Retailers need to get on that E-commerce rocket ship before it blasts-off and becomes unreachable. It’s not too late, but again, to do it right will take time, know-how and investment and that needs to be prioritized if not already underway.”
Omni-Channel model is a seamless ‘experience’ for the consumer, no matter how they come in to contact with the brand or products, they understand it, it is comfortable and is why they will most probably keep coming back. Omni-channel models also provide highly valuable insights to retailers into consumer behaviour and feedback on their products and services.

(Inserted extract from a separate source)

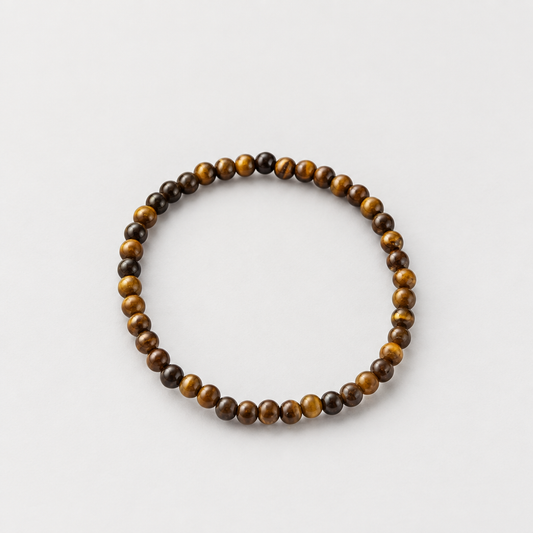 4 mm tiger’s eye bracelet on a light warm-grey background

Across the CEE region, the share of online sales varies quite considerably from early single digits in some countries, up to >18% in the Czech Republic. This year, the majority of these figures have grown at historically fastest ever rates, but this still leaves more than 80% of the sales in other channels.
There are a few other factors at play in the retail sector which have still yet to be resolved to create more balance:
- many retailers are present through a franchise partner, who may also operate several brands.Quite often franchise partners do not have control or the rights to the e-commerce platform of the parent brand, thus limiting their ability to sell online.
- Another factor can be geographical, where some platforms cannot sell across certain borders
- Many retailers are also trying to drive consumers towards the click&collect option where there is more control, and where additional purchases are likely to be made on top.
Retail Property Market in CEE 17 - key figures
The shopping center market in the CEE-17 is consists of almost 1,670 facilities, with a total GLA of over 34.6 million m² GLA, serving over 172 million consumers. The size of this market is also reflected in the annual purchasing power of the population with a total value of EUR 893 billion. It should however be noted that the purchasing power of Central and Eastern European consumers is very diverse. Among the 17 countries analysed there are those with a purchasing power of 9,500-12,500 EUR per capita per year (Slovenia, Estonia, Czech Republic, Poland, Slovakia, Lithuania,) but also those with 1,500-3,500 EUR per capita per year (Ukraine, Belarus, Albania, Bosnia and Herzegovina).
The shopping center markets in the CEE-17 are also at different stages of development. The highest saturation of space per 1,000 inhabitants is recorded in Estonia (738 m²) with the lowest being in Albania (104 m²).
The highest volume of retail space is located in Poland (12.1 million m² in 532 facilities) and the Czech Republic (4.2 million m² in 232 facilities) with the smallest being in Montenegro (110,000 m² in 14 centers).
There has been an increase in the number of small shopping centre formats and retail parks, considered by both developers and tenants as profitable investments, and by consumers as comfortable and safe places to shop. At present, there are approximately 670 such centres operating in the CEE-17 countries, with a total GLA of 6 million m². The largest number of small schemes (5-10 000 m2 GLA, over 10 units) operate on the highly competitive shopping centre markets in Poland (1.2 million m² of GLA, in 164 schemes). Having said this we can assume that in the coming years the main type of retail investments will be small convenience centres/parks.